Given this backdrop, I wanted to get a sense of where technology buyers are today. So I asked CIOs what they thought during a recent CIO chat. Here are the key insights I walked away with.

Related Article: Sales Presentation Tips That Skip the Dog and Pony Show

CIOs Want Solutions, Not Sales Pitches

CIOs were clear about what they want from startups and mature companies alike. Here are five things that every sales and marketing person should consider before initiating their efforts.

  1. Listen before talking and develop a relationship before selling. IT Director Adam Martin said, “there is nothing more irritating than a vendor trying to sell me something I do not need the first time they talk to me.”
  2. Realize there will be a businessperson in the room. As part of aligning better with the business, CIOs are involving business partners earlier in the process. My friend, Allen Hackney, former CIO of John Hancock, told me “if a vendor comes in talking about a new widget in tech language, his business counterpart’s eyes will glaze over and he will send them down in the organization. The conversation would go in the opposite direction, however, with a discussion of a business problem." CIO Paige Francis joked that she is the person “with their eyes glazed over. Everyone knows that. Smart vendors know their audience.”
  3. Talk about solutions vs. products. Francis continued, “I need the what, why and how. In that order. No vs.” CIO Martin Davis agreed and said, “talk solutions, then prove those solutions actually work. Too many vendor presentations propose features that either don’t work or cost an arm and a leg to use.”
  4. Know who the decision-maker is and what point to make with each stakeholder. Former CIO Theresa Rowe said, “vendors often confused who the decision-maker is, as if it were one person. Worse yet, they present technology details to the CFO, who was the financial decision-maker. And they talked about the ‘processor bus’ to the CEO."
  5. Have the right discussion at the right time. Former CIO Raechelle Clemmons said, “everything depends on the stage of the sales process and the audience. High-level, early stages should be about what problems do we solve. Here you should share the solution. Later stages should be deep dives with the technical folks. It should be how do we solve it? In other words, the features/capabilities.” CIO Milos Topic agreed and said, “one should begin at the desired outcome then reverse engineer the path forward. Features are nice, but if they are not applicable to our needs then they won’t be included in our solution.”

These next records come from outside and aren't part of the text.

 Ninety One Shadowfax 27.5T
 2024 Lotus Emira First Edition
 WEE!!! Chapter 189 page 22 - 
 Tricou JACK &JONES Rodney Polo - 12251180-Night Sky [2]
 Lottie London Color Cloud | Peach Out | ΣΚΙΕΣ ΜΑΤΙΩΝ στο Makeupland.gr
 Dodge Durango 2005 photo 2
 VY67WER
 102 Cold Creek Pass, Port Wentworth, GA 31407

Related Article: No Country for Old Sales Reps

Product Companies Come and Go, Solution Companies Last

The message matters, whether you are large business or a nascent startup. This means businesses need to do their homework before they call on potential customers. They need to know the business value to customers and the likely customer that will buy their solutions. It’s a move from leading with your unique strengths to one where carefully constructed teaching interactions very deliberately lead the customer to your unique strengths. Your solution isn’t the subject of your teaching, but the natural outgrowth of your teaching.

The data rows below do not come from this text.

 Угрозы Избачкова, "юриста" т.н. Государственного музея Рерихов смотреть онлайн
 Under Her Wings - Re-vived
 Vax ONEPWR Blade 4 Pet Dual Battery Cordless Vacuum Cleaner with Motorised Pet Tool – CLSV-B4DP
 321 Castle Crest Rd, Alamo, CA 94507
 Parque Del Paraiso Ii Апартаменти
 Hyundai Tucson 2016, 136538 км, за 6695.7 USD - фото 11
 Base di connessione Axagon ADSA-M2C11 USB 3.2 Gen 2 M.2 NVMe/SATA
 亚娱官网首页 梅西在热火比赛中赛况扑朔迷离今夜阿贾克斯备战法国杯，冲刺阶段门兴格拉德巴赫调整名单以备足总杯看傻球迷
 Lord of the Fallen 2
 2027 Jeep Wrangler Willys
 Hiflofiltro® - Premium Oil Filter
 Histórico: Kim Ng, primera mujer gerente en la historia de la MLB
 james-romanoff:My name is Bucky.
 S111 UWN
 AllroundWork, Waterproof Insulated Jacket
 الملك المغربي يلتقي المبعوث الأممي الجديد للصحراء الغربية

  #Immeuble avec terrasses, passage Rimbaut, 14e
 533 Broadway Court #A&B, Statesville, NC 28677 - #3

As Matthew Dixon and Brent Adamson note in "The Challenger Sale: Taking Control of the Customer Conversation," from the customer’s perspective, the real value of the interaction isn’t what you sell, it’s the quality of the insight you provide as part of the sales interaction itself. I'll close with the words of analyst Jack Gold: “as a vendor, you really don't need to talk to me about solutions to my problems ... unless you want to stay in business long term! Product companies come and go often. Solution companies stick around a long time.”